A warning to America about not raising the debt ceiling: “America, stop playing with fire.”
That warning doesn’t come from me. It comes from Li Daokui, an advisor to the Chinese Central Bank at a conference in Beijing China back on June 8.
I don’t know what bothers me more about that statement — that it comes from a representative within a communist government criticizing America about its economic situation, or that Mr. Daokui is absolutely right. Here’s the reality we face. According to the newspaper China Daily, the Chinese own about eight percent of our debt, which doesn’t sound like much until you consider that percentage equals more than $1.16 trillion. And that’s as of the first quarter of this year. And now we are flirting with a default that is less than a month away.
We are playing with fire — at least Democrats and Republicans in Congress and the White House are.
Democrats want business as usual and just raise the debt ceiling and keep moving. Republicans are willing to raise the debt ceiling, but will only do so if there are major budget cuts which House Speaker John Boehner has indicated is nonnegotiable. In the middle of these disagreements are a slew of political ads trying to manipulate who’s to blame on both sides … and we wonder why we are at an impasse.

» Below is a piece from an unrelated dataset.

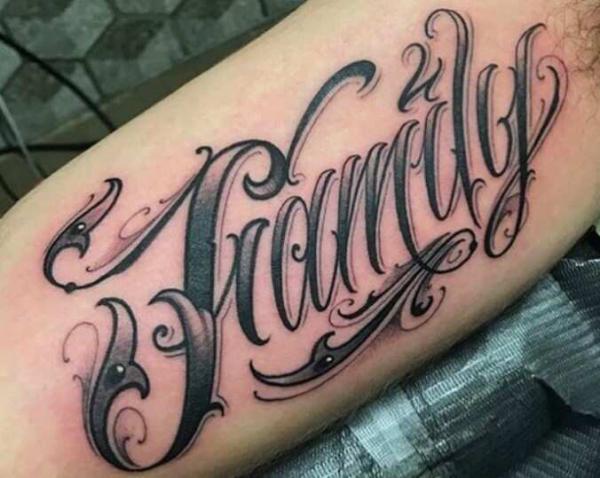 Swirling family font tattoo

Now imagine a nation like China or other nations like Japan or Brazil, who own U.S. debts, having to potentially lose their investments because of partisanship in Congress.
Would you want to continue to do business with us? Would you even want to listen to us when it comes to foreign policy or world economics?
Think of it like this: If you were a bank and someone came to you trying to buy a house but they had recently defaulted on another loan, how quickly would you want to give them another loan? How influential would they even be in the decisions you make? Chances are you wouldn’t loan the money or if you did, it would be under terms of much higher interest.
I would imagine that would be the case with all our foreign debt owners, which would mean even more debt, and ultimately our national debt sucking up more of our gross domestic product. In a nutshell, that means higher prices and fewer dollars in our pockets.
Now no one really knows for sure what will happen if we don’t raise the debt ceiling. Words like cataclysmic, financial Armageddon, financial meltdown and disaster are being kicked around.
I hope that is just journalistic sensationalism being kicked around but we must realize when it comes to the U.S. economy, whatever way we go, so goes the world.
Also, Congress needs to realize that they are not just playing with fire in the political arena. This is the livelihood of millions of Americans; let’s not forget that our own citizens — via Social Security and other pension funds — are the largest holders of U.S.
debt. That would mean no payback for all those IOUs to the Social Security trust fund.
But besides payback to our own people we also lose another invaluable thing — credibility.
The world is starving for good leadership and in the absence of it, they will look to nations like China or others.
We cannot prance ourselves into the United Nations, the International Monetary Fund or any other world body acting like we are too big to fail by not paying our bills.
Ironically, all of this is happening right through Fourth of July week. With humble beginnings, America earned its keep as a nation and slowly earned respect among other nations as a world leader.
What symbol do we show the world if we default on our loans? I think it would show not only, as Mr. Daokui said, that we are “playing with fire,” but it would show something worse: that we are willing to start one as well.